Coy Sasse, business director for the Rapid City school district, followed Simon’s testimony and said there is a “mountain of logistical information” in the bill that hasn’t been worked through yet.

Sasse questioned what the community-based schools are, what their relationship with the sponsor district would look like, what the financial viability of these entities are, and what the financial impact of the schools and communities they reside in will be.

Wade Pogany, executive director of the Associated School Boards of South Dakota, said none of the opponents are opposed to helping Native students, but shared concerns that the bill creates a separate school board governing the Oceti Sakowin school, which he said “is not local control” and the bill creates negative ramifications for school boards.

Diana Miller, a lobbyist for the large school group, said while this is “not an us versus you” situation and that every student means a great deal to every educator, the bill basically creates charter schools and is not the answer, she said.

Rob Monson, executive director of school administrators of South Dakota, said the educational experience that SB 68 is attempting to create “can already happen in South Dakota and is happening in South Dakota” in a Native American school — Oglala Lakota County schools — without new legislation.

Monson said several schools in Sioux Falls — New Tech High School, the Spanish immersion center at Sonia Sotomayor Elementary School, All City Elementary School — are functioning similarly to the proposed Oceti Sakowin schools and were created at the request of district patrons, designed by public committees and approved by the school board.

Sam Nelson, a registered lobbyist for the Sioux Falls School District, said he would point to Monson’s examples of Sioux Falls schools as a resource to people interested in creating Oceti Sakowin community-based schools.

Loren Paul, president of the South Dakota Education Association, said public schools can and should do better to meet the needs of Native American students but there’s a problem with education equity as a whole.

“Our main concern is the bill takes taxpayer dollars out of the hands of the elected board and turns them over to a private entity that is not accountable to the public,” Paul said. “A better approach would be to engage the community as a whole to establish a magnet school.
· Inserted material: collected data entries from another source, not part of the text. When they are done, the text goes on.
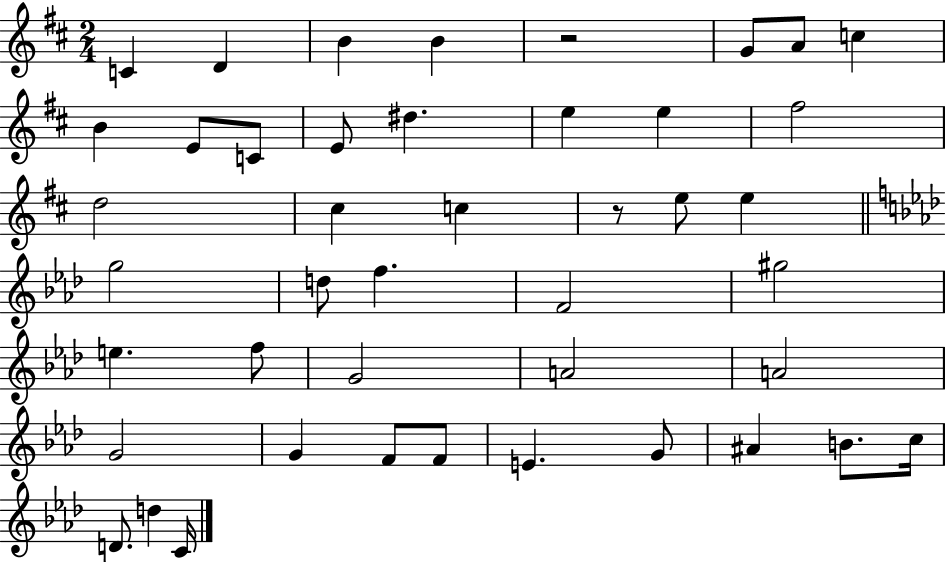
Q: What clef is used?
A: treble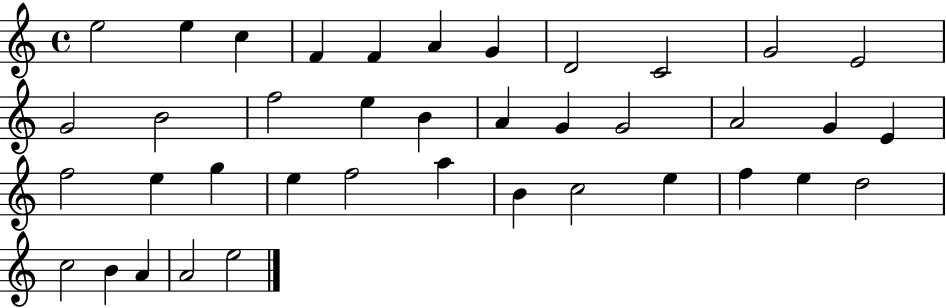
X:1
T:Untitled
M:4/4
L:1/4
K:C
e2 e c F F A G D2 C2 G2 E2 G2 B2 f2 e B A G G2 A2 G E f2 e g e f2 a B c2 e f e d2 c2 B A A2 e2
SDEA believes such an approach will allow for the accountability of tax dollars and create a real community dialogue that can have a positive impact system-wide.”
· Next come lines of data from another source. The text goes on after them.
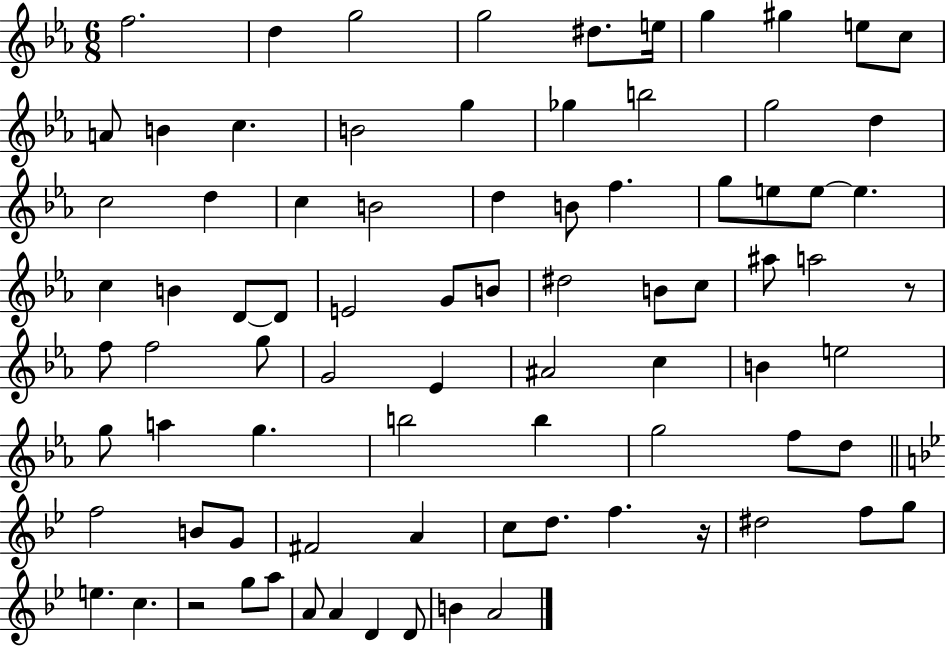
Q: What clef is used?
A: treble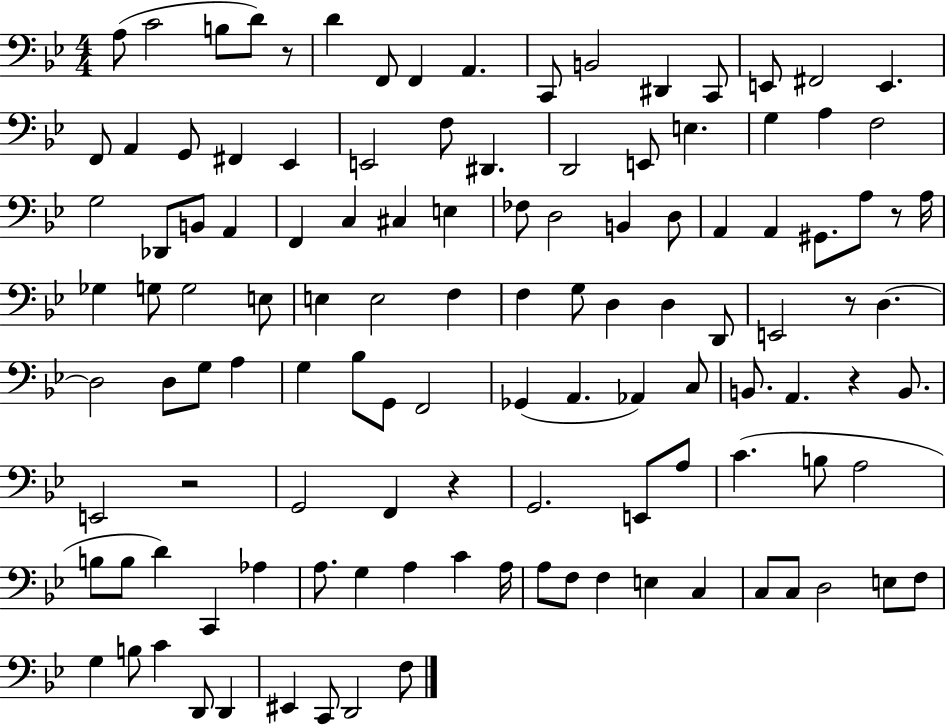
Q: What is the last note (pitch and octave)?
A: F3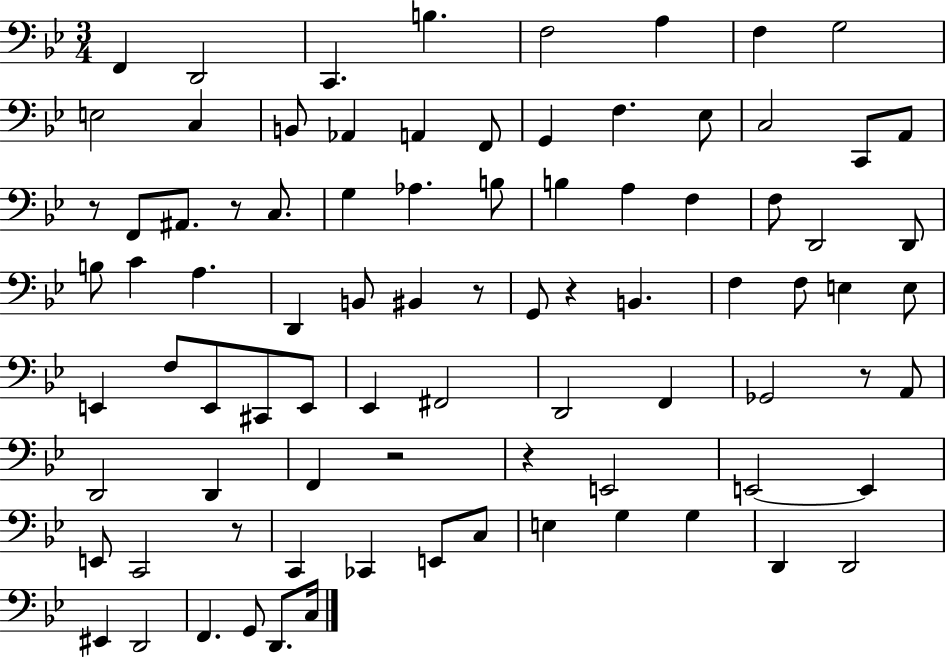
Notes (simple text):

F2/q D2/h C2/q. B3/q. F3/h A3/q F3/q G3/h E3/h C3/q B2/e Ab2/q A2/q F2/e G2/q F3/q. Eb3/e C3/h C2/e A2/e R/e F2/e A#2/e. R/e C3/e. G3/q Ab3/q. B3/e B3/q A3/q F3/q F3/e D2/h D2/e B3/e C4/q A3/q. D2/q B2/e BIS2/q R/e G2/e R/q B2/q. F3/q F3/e E3/q E3/e E2/q F3/e E2/e C#2/e E2/e Eb2/q F#2/h D2/h F2/q Gb2/h R/e A2/e D2/h D2/q F2/q R/h R/q E2/h E2/h E2/q E2/e C2/h R/e C2/q CES2/q E2/e C3/e E3/q G3/q G3/q D2/q D2/h EIS2/q D2/h F2/q. G2/e D2/e. C3/s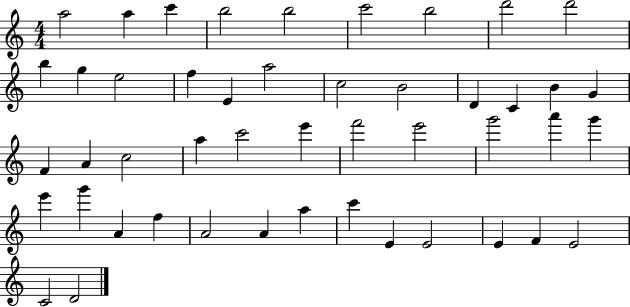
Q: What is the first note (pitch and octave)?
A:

Mitch Richter, representing the South Dakota United School Association, said after the defeat of the 2020 bill he expected the proponents and opponents would meet to work out the issues brought up during the 2020 session, but that didn’t happen.

Richter said charter schools are meant to be “innovation labs” to test new ideas and introduce them into traditional public school systems but that this hasn’t happened nationwide, and in some cases, charter schools duplicate best practices from public schools.

Richter also argued that students in South Dakota already have “school choice” by way of open enrollment, and that “choice does not guarantee quality.”